* [What to produce] Every line from the line containing "BMW — the ultimate" through the end of the data is to be reproduced exactly, excluding pictures.
[Data in this exercise]
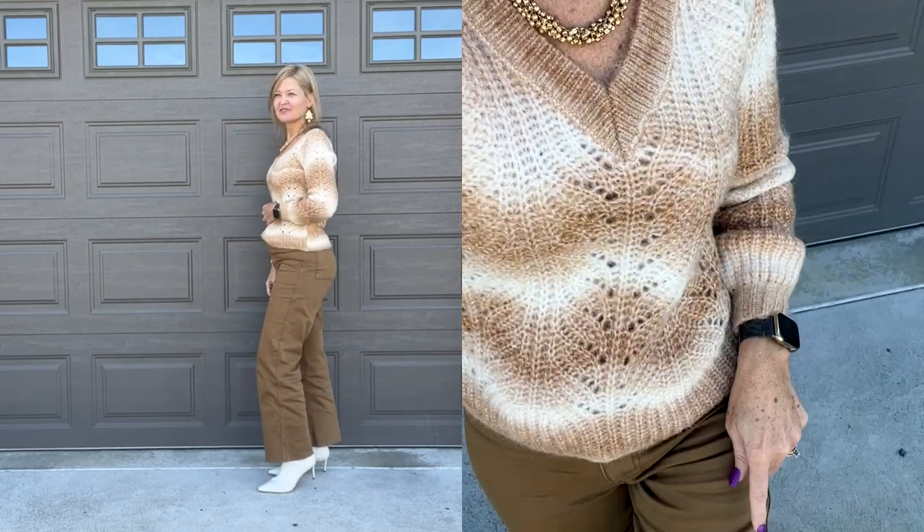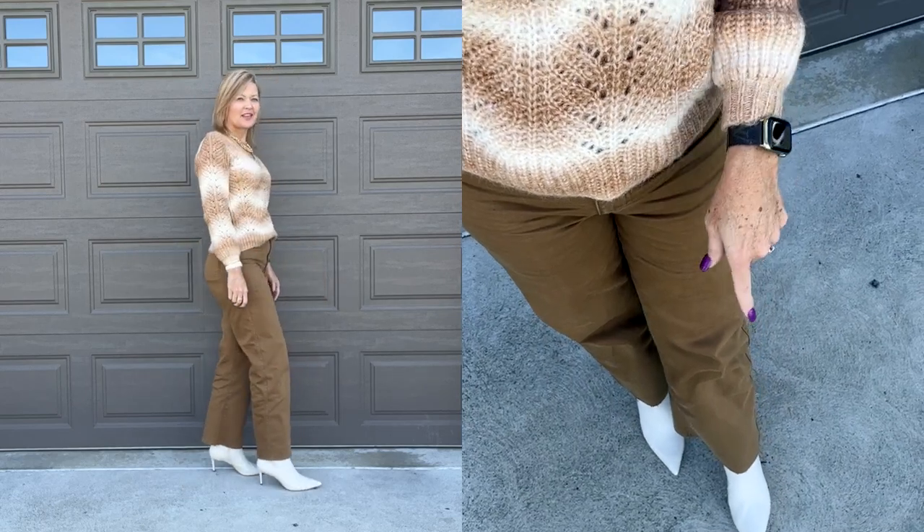Hey everybody — I decided to come outside for outfit of the day! It's actually really sunny out, 57 degrees, supposed to get up to 63. Wyatt is joining me. For outfit of the day I chose a Loft sweater, Cut from the Cloth pants, and booties from Schutz that you might remember from a recent haul. For jewelry: a necklace from the Loft, earrings from Leah Sophia.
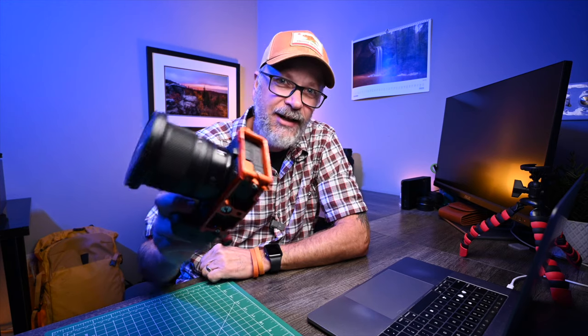We're going to talk about why I still use the Nikon Z7II for my landscape photography and did not upgrade to the Nikon Z8.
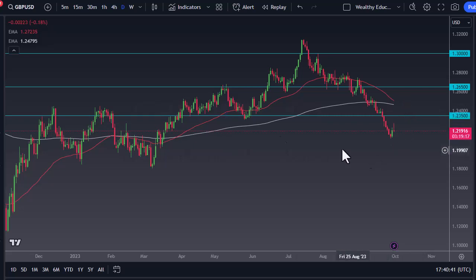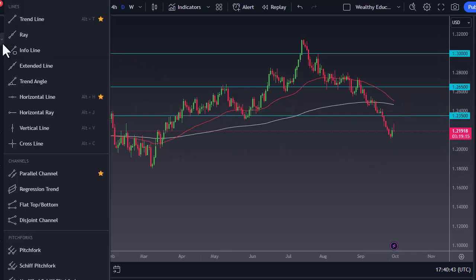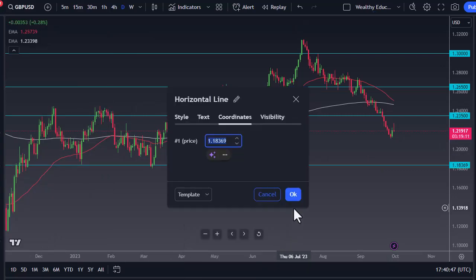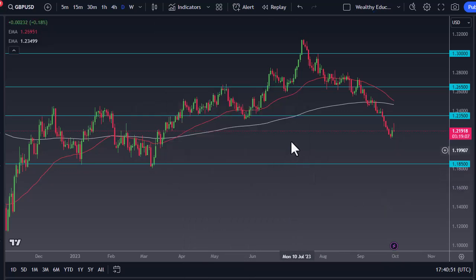Let me go ahead and mark the 1.185 level — that's where I think we eventually end up. The Friday session certainly didn't do anything to change my mind.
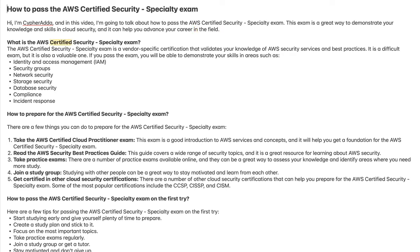The AWS Certified Security Specialty Exam is a vendor-specific certification that validates your knowledge of AWS security services and best practices. It is a difficult exam, but it is also a valuable one.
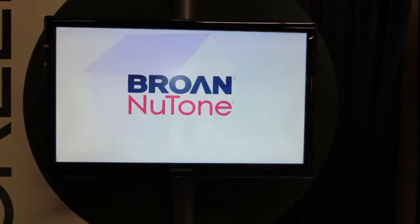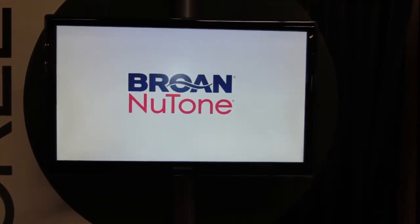Hi, Longwind with Brone Newtone here at the ResNet Show introducing our new Brone Ultra Line. World-class fans with world-class energy efficiency.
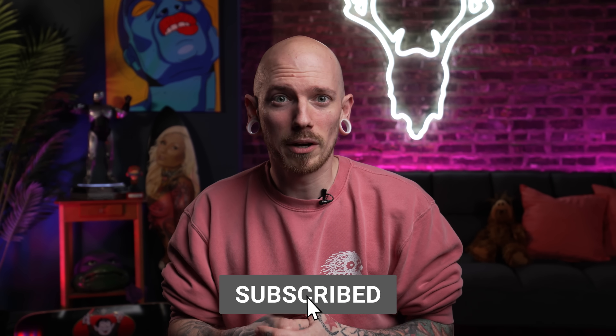Those are enough red flags for today — let me know what your red flags are in the comments below. Don't forget to subscribe while you're here; it's free and I still don't understand why only half of you are subscribed, so let's fix that. Thank you so much for watching and as always I will see you all next week.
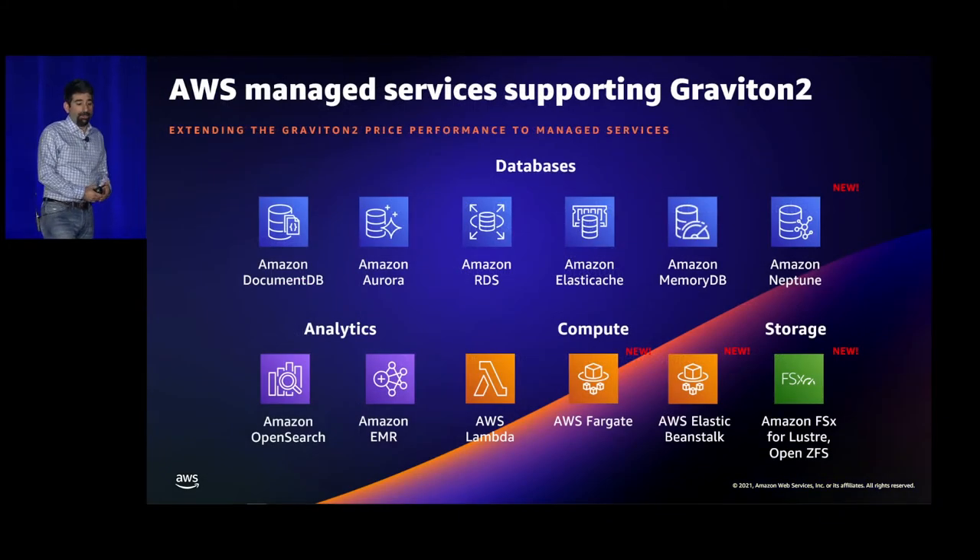Perhaps the easiest way to utilize Graviton is through our managed services. We now have support in DocumentDB, Amazon Aurora, RDS, ElastiCache, MemoryDB, and most recently Neptune — and in a lot of these cases Graviton has become the default. If you don't specify an instance type, you'll get a Graviton instance. In analytics tools, OpenSearch and EMR both support Graviton. A few months ago Lambda announced support for Graviton, and just this last week both Fargate and Elastic Beanstalk now support our Graviton instances.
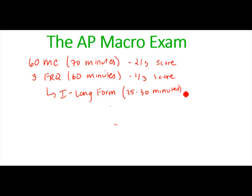Some FRQs are more difficult than others, but for the most part they all have something in common. They're a much more cumulative question — what I mean is that they tend to assess the entire course in one question, starting with basic economic principles.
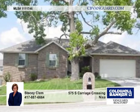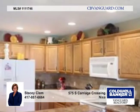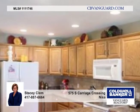You'll love the space in this four-bedroom, three-bath walk-out basement home with an excellent split-bedroom floor plan.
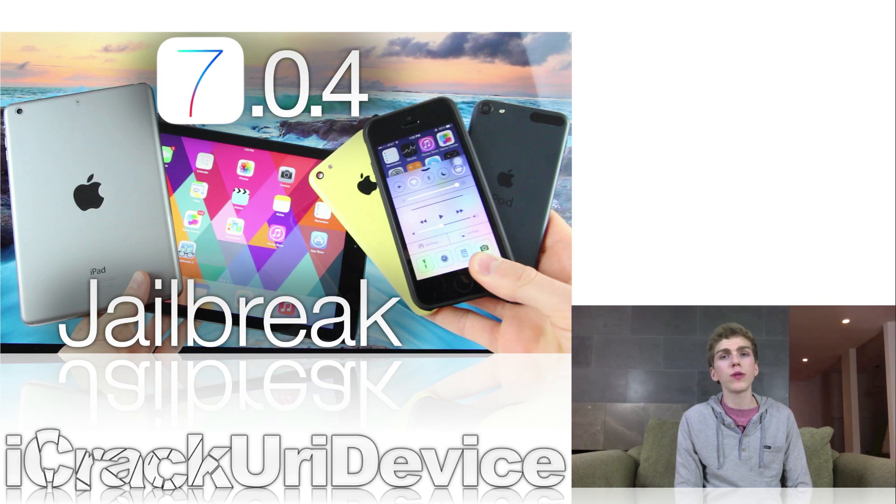Following IHateSnow's tweet, MuscleNerd sent out another tweet to his followers, basically challenging users to stay away from 7.0.4 — because although it doesn't correct any of the vulnerabilities the team has discovered, it will test users' ability to refrain from updating when the day comes that Apple does issue an iOS 7 firmware update that corrects the Evaders' utility. So if you've already updated, don't worry — you will be fine as far as a jailbreak is concerned, and you can update if you want the bug fixes that 7.0.4 brings.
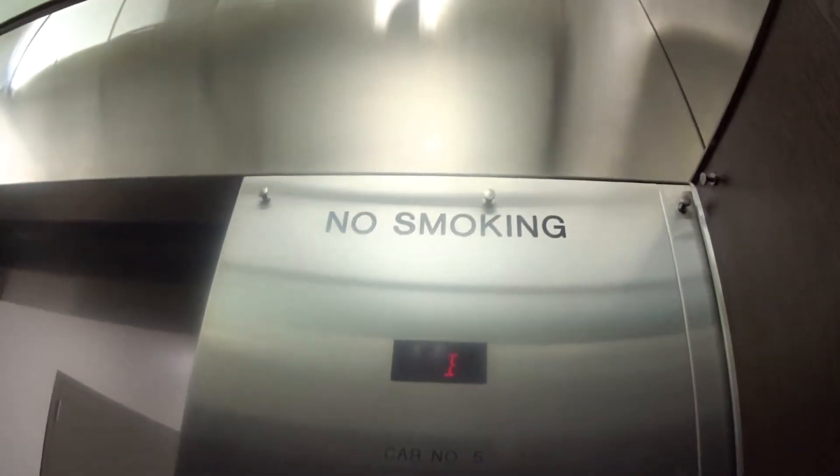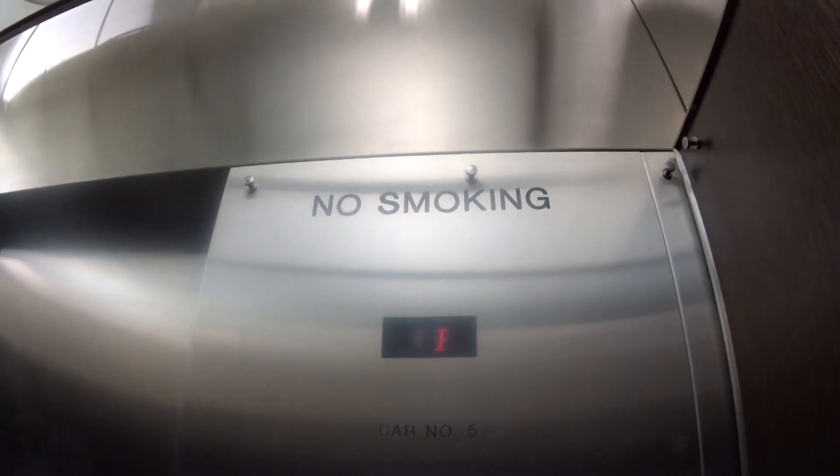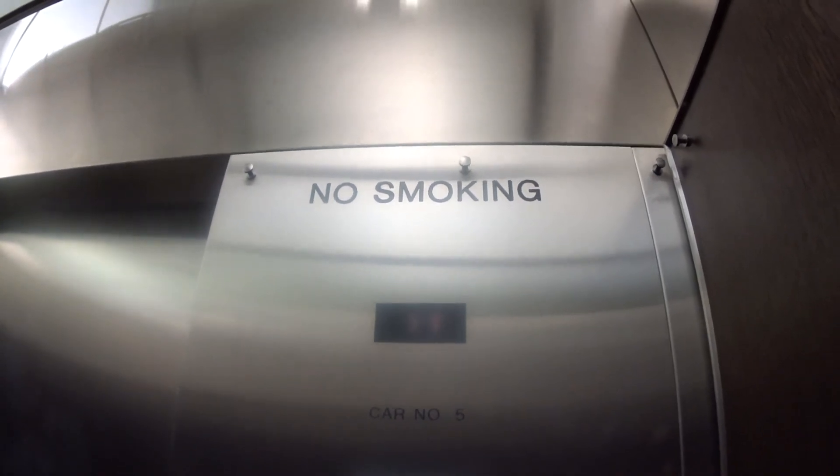This elevator is owned by Bloomingdale's, but Equinox Fitness uses it on a loan. You know that Equinox Fitness is a 24-7 gym, right? So this elevator is technically operating 24-7. Between 1 and B? Yeah, the second floor gets locked off.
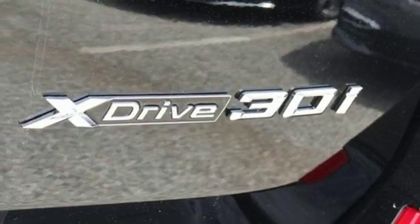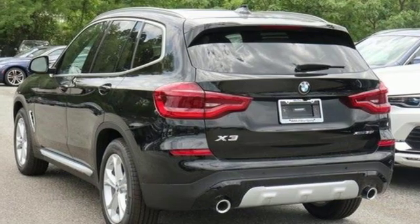BMW — the ultimate driving machine. See what it can do for you when you take it for a test drive.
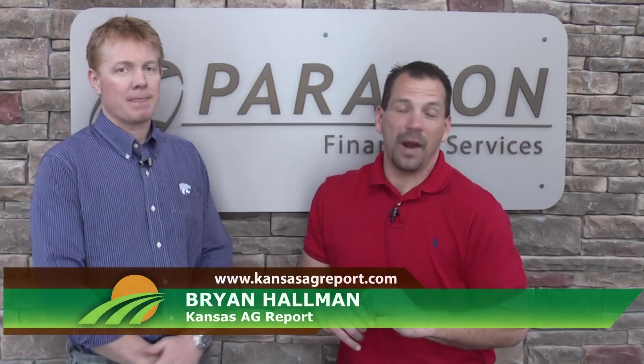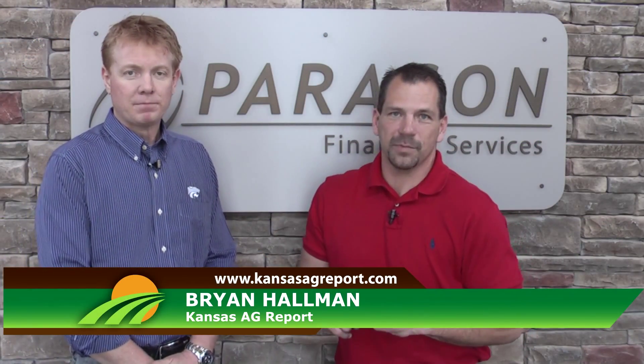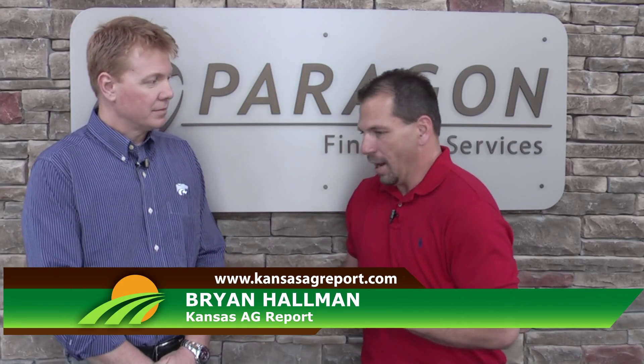Good morning and thanks for staying with us. We're Paragon. We're joined by Chris Averkamp this morning. Chris, thanks for joining us this morning. We're in the middle of spring — we've got planters in the field.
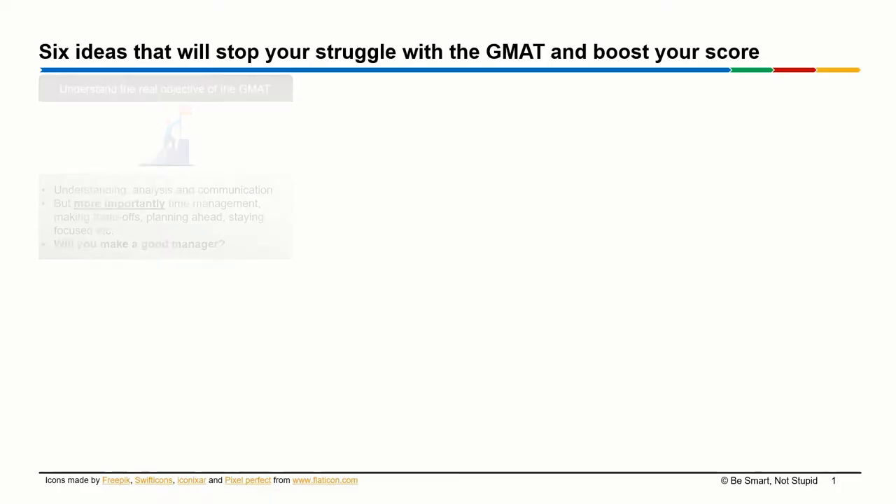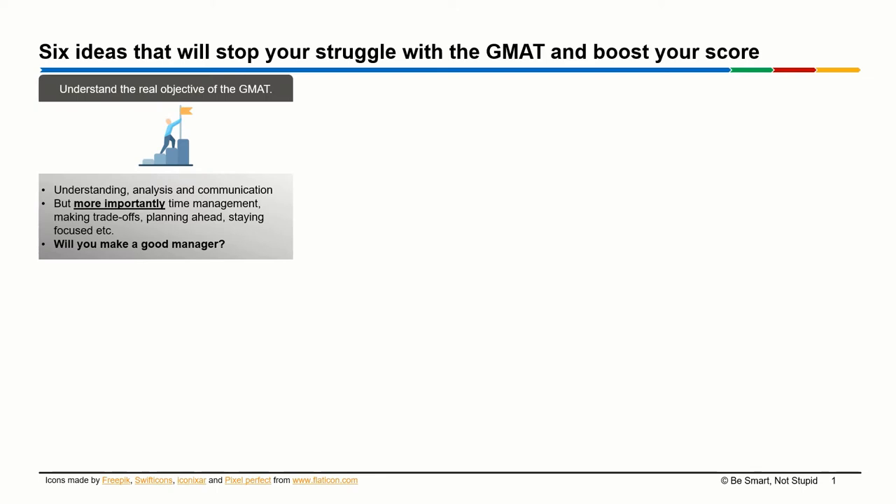The first idea I have for you is this: understand the real objective of the GMAT. A lot of people tend to think of the GMAT as just another math or verbal test. The problem with that paradigm is that it will focus all your attention on just learning the concepts, the formulae, or the grammar that you need to solve those problems.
[/Data in this exercise]
* [Result of this exercise]
BMW — the ultimate driving machine. See what it can do for you when you take it for a test drive.
Good morning and thanks for staying with us. We're Paragon. We're joined by Chris Averkamp this morning. Chris, thanks for joining us this morning. We're in the middle of spring — we've got planters in the field.
The first idea I have for you is this: understand the real objective of the GMAT. A lot of people tend to think of the GMAT as just another math or verbal test. The problem with that paradigm is that it will focus all your attention on just learning the concepts, the formulae, or the grammar that you need to solve those problems.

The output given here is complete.